By Tereza Verenca for Burnaby Now
October 15, 2015 11:09 AM
The Burnaby Inter-Faith Network is inviting the public to tour the local Ismaili Centre next week in an effort to “build bridges of understanding and communication.”
“We do this to kind of break down those barriers and the stereotypes people build of each other,” network co-chair Don Dyck told the NOW.
The ad-hoc group, which includes members from a variety of faiths and backgrounds, advocacy groups and settlement services, was established in 2010 by the Burnaby Intercultural Planning Table. Part of its mandate has been to collaborate with faith-based centres and organize tours.
Dyck, a pastor at the Brentwood Park Alliance Church on Delta Avenue, toured the Ismaili Centre shortly after 9/11.
“I felt compelled to learn more about Islam and what it meant to be a Muslim in this time, and to learn from somebody who was a Muslim, as opposed to from somebody who might have an axe to grind with them,” he said.
The experience, Dyck noted, was eye-opening.
“It gave me a deeper understanding of their reverence for God. I thought we could learn a lot about that from them; the realization that a lot of our roots are similar. It gave me a deeper understanding that there is some radicalized groups of course that don’t really represent the whole, just like in my own faith; that the ones that make the news are the radicalized people who are actually an embarrassment to us and don’t represent who we are.”

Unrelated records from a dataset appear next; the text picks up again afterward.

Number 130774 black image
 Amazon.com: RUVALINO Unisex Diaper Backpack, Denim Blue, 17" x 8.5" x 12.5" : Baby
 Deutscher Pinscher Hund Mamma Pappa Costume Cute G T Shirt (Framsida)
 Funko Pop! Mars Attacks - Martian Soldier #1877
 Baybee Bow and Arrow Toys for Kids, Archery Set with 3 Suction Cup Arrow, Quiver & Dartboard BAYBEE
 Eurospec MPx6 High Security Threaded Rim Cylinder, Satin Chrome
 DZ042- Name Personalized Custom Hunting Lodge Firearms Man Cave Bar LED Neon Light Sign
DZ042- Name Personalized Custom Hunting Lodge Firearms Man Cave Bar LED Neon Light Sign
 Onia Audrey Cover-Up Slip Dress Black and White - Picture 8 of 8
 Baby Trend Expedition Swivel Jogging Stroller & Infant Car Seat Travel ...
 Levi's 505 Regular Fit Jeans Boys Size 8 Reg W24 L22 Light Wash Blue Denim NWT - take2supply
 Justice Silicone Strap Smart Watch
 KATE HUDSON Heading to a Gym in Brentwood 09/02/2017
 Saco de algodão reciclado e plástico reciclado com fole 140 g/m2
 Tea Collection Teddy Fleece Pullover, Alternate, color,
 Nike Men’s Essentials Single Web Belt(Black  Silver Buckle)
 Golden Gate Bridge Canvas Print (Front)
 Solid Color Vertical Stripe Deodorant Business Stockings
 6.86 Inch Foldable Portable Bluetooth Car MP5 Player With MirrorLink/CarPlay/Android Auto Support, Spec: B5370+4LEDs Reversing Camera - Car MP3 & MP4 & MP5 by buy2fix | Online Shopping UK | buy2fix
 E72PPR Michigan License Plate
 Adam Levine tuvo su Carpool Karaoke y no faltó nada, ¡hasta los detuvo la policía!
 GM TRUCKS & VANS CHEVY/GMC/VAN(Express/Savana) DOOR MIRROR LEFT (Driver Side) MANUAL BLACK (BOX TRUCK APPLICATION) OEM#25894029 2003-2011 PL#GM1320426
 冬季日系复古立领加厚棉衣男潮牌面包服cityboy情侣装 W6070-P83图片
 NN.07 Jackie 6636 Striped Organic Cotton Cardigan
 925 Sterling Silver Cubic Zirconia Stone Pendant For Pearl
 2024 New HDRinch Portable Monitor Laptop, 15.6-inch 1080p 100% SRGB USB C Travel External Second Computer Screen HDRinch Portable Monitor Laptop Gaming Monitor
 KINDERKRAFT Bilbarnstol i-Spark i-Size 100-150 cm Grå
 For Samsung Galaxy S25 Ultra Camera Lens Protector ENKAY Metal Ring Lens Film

Ismaili Centres celebrate the faith of the Shia Imami Ismaili Muslims. The gathering place is one of many around the world, with other centres located in London, Dubai and Toronto.
“Rooted in the rich tapestry of Islamic heritage and traditions, the architecture of the Ismaili Centres identify a community that is at once confident of its past and modern in its outlook,” states a write-up on the official website.